In Colorado, devising rules for the pot industry fell to the Legislature, which has passed a series of bills laying out how marijuana should be grown, packaged and taxed. Gov. John Hickenlooper is expected to sign the bills May 28.
Washington’s measure directed the Liquor Control Board, led by three voting members, to set parameters for the industry. Dozens of board employees divided into 11 teams, each researching different areas – licensing, contracting, legal and policy, enforcement – to inform the board’s decisions. The teams meet weekly to keep apprised of each other’s progress.
The board’s comptroller, Mike Steenhout, has worked with testing labs and experts from around the world to figure out how the pot should be tested to ensure that it’s safe and consistent when it reaches store shelves.

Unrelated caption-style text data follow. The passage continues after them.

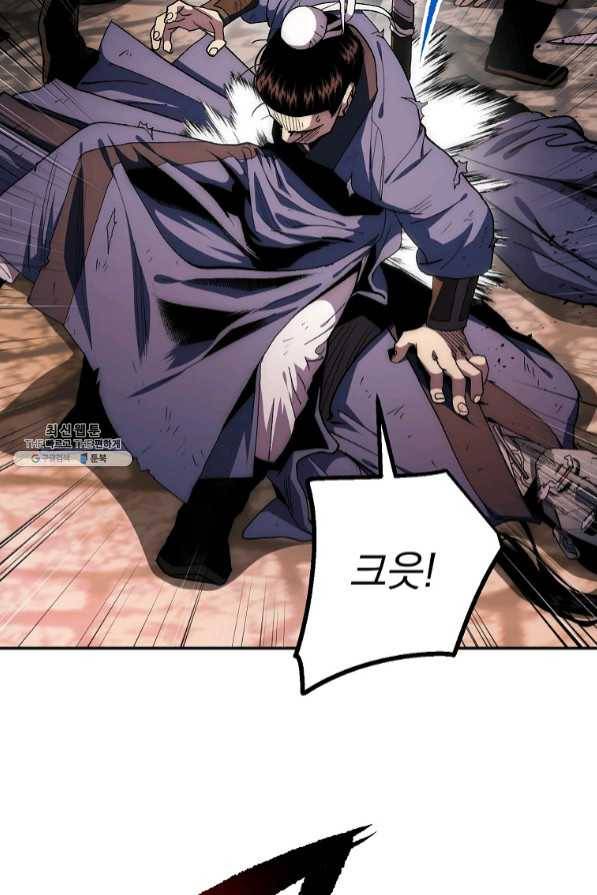 수라전설 독룡 70화 30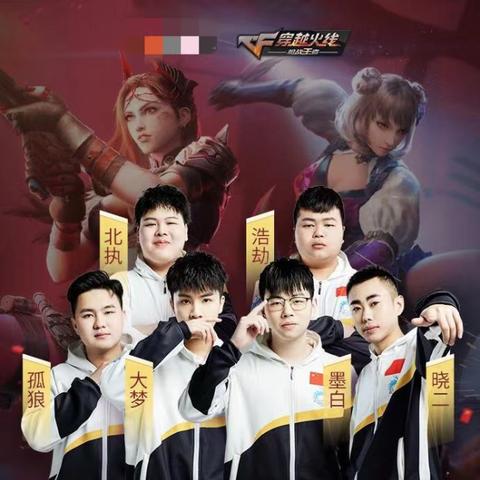 海外版tk如何入驻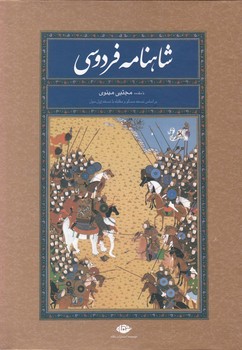 شاهنامه‏ فردوسی نیم رحلی قابدار/نگاه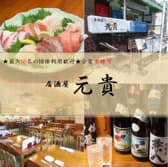 居酒屋 元貴 3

The board held eight public forums around the state to hear what pot growers, prospective retailers and others had to say. More than 3,000 people attended; few were shy about airing their views.
Now, the board is taking what it has learned and setting out what amounts to a draft of its draft rules for the industry. After allowing people to comment on the rules it releases Thursday, it will propose its official draft rules in about month, and take public comment on those. The final rules aren’t expected to be adopted until this summer, with applications for pot growing, processing and retailing licenses accepted in September.

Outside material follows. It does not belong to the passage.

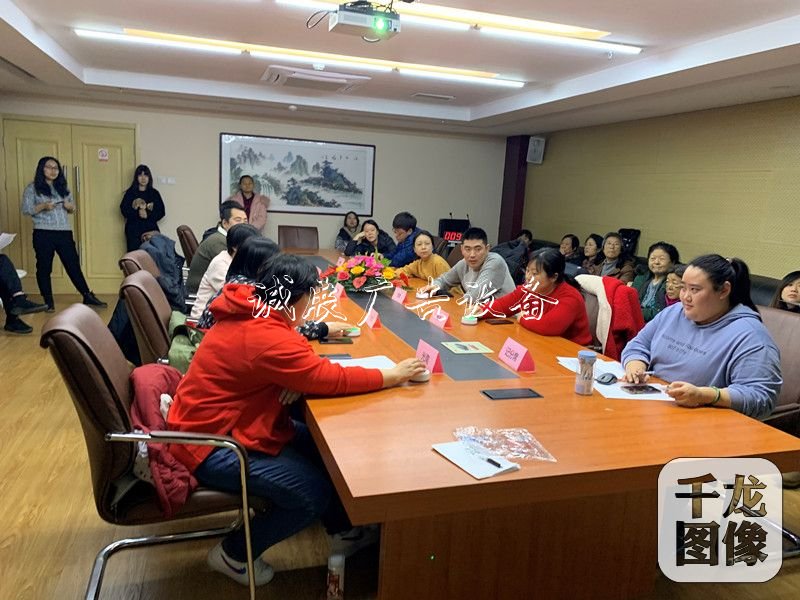 香河園街道社會組織服務平臺運行項目-社工正在搶答_副本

Marijuana sales at state-licensed stores should begin in early 2014 – unless the Justice Department has something to say about it. Pot remains illegal federally, and the DOJ could sue to try to block the licensing schemes in Washington and Colorado from taking effect.
So far, the Liquor Control Board has given few hints about what the rules will entail. Board Chairwoman Sharon Foster – who began a speech at a recent conference by saying, “My friends now call me the queen of weed” – has said that the board probably won’t allow open-field marijuana grows, because they’re too hard to control. There won’t be any pot delivery companies to take weed from a dispensary and deliver it to a store, because the law does not provide for licensing of pot delivery companies. People who have old pot-related convictions probably won’t be barred from obtaining licenses.
But many other questions remain. How does the state plan to collect taxes, when federally insured banks won’t let marijuana businesses open accounts? How much pot-related advertising will be allowed, if any? Will there be caps on the numbers of growers and processors licensed to provide pot and pot products to the stores? What should be done with all the plants – stalks, roots and leaves – after harvest?
Cale Burkhart, who makes marijuana-infused topical creams under the Vita Verde brand, said he hopes the board doesn’t limit the number of growers and processors.
“It’s an emerging industry, and it’s one that most anybody, as long as they can have their ducks in a row, can break into,” he said. “It should be open to people, so that grandma, or a high school dropout, can have the opportunity to start a business and be successful. I’m excited to see if that’s how they’re going to do it.”